Kochai had often tried to find his former teacher, but he didn’t know her first name. So even though he asked at the school and the district office, he wasn’t able to track her down, and Google searches didn’t turn up anything.

The path to their reunion started when Kochai mentioned Lung in an article he wrote for the website Literary Hub in 2019.

Lung’s neurologist had read the article and, during an appointment, asked her if she was the teacher Kochai mentioned in the piece. She was.

Then Lung’s husband, Allen, reached out to Kochai on Facebook. Kochai didn’t receive it immediately — he told the Washington Post the message languished in his requests folder, but then in the summer of 2020, he finally saw it and reached out immediately.

That led to the emotional phone call in which he was finally able to tell Lung how much she had helped him. “There was a lot of tears,” he said. “There was a lot of laughter. It was a very special night.”

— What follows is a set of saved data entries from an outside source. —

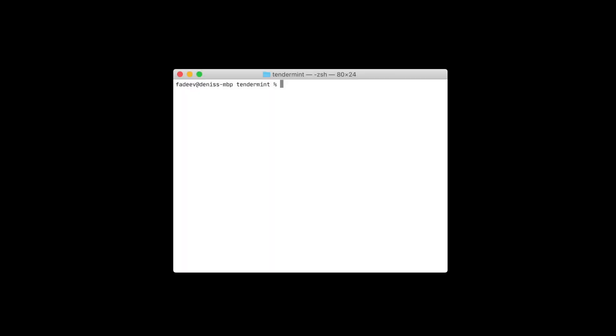Starport is a useful tool that makes it easier to get started building Cosmos SDK based blockchain applications. Let's build one right now.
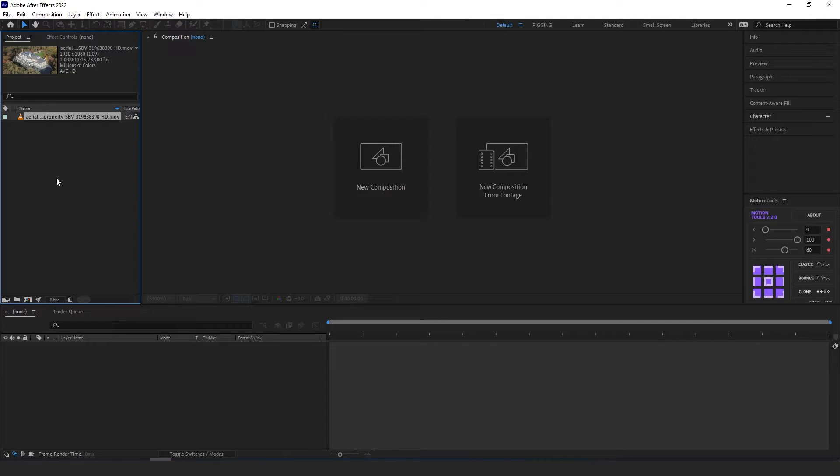Hi! In this video I'm going to show you how to use a 3D tracker in Adobe After Effects to achieve this effect.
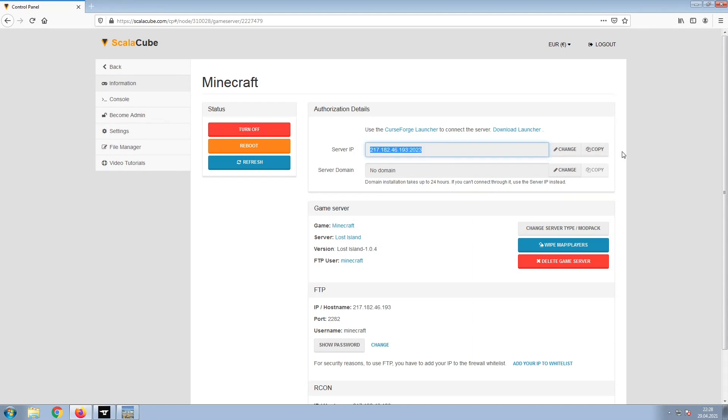Copy your IP address. Start up your client and connect to it using the copied IP address.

They planned to meet, but Kochai said the COVID-19 pandemic — as well as the birth of his child, the publication of his second book and the fall of Afghanistan — delayed any in-person meeting.

Finally a reunion

On Aug. 13, Kochai did a reading for his latest book, The Haunting of Hajji Hotak and Other Stories, at the University of California, Davis. He didn’t know that the Lungs had discovered the reading and were in the audience until afterwards, when Allen Lung approached Kochai and introduced himself.

“So I just follow Allen over to where Mrs. Lung was sitting and that was a really beautiful moment for me because, you know, after all those years, I finally got the chance to see Mrs. Lung in person again,” said Kochai, adding he gave her a big hug. “It almost felt a little bit miraculous to me.

“I’d read part of the first book, but it came alive at that reading and it was just thrilling to meet him,” she said. “Every teacher, I think, would want somebody to come back and say, ‘You had something to do with my life.'” 

Kochai documented the meeting in an emotional Twitter thread.

A class photo of grade two students from 1999-2000 standing with their teacher Mrs. Lung at Alyle Norman Elementary School. Smiley face stickers cover the faces of all except for Jamil Jan Kochai and his teacher.
Ten years ago, Kochai thought he reached a breakthrough in his search for Lung, standing at left, when he found a class photo. But the caption didn’t include her first name. (Submitted by Jamil Jan Kochai)

He recalled a saying his father often repeated to him: Hara hewaan rocket da. Kho yawaazey yow lag wor ghwaari chey aloozi.

“My father always used to say in Pashto that every child is a rocket filled with fuel, and all they need is a single spark to lift off into the sky. Mrs. Lung, he said, was my spark,” Kochai wrote in the thread.

Lung is humble when it comes to recalling the help that she offered Kochai, rejecting the notion that others wouldn’t do as she had done.

“If it’s your passion and what you love doing, then it’s not a big deal,” she said. “That’s what teachers do.”

Lung said she’s about halfway through her former student’s second book.

“And yeah, he’s quite a writer. Incredible.”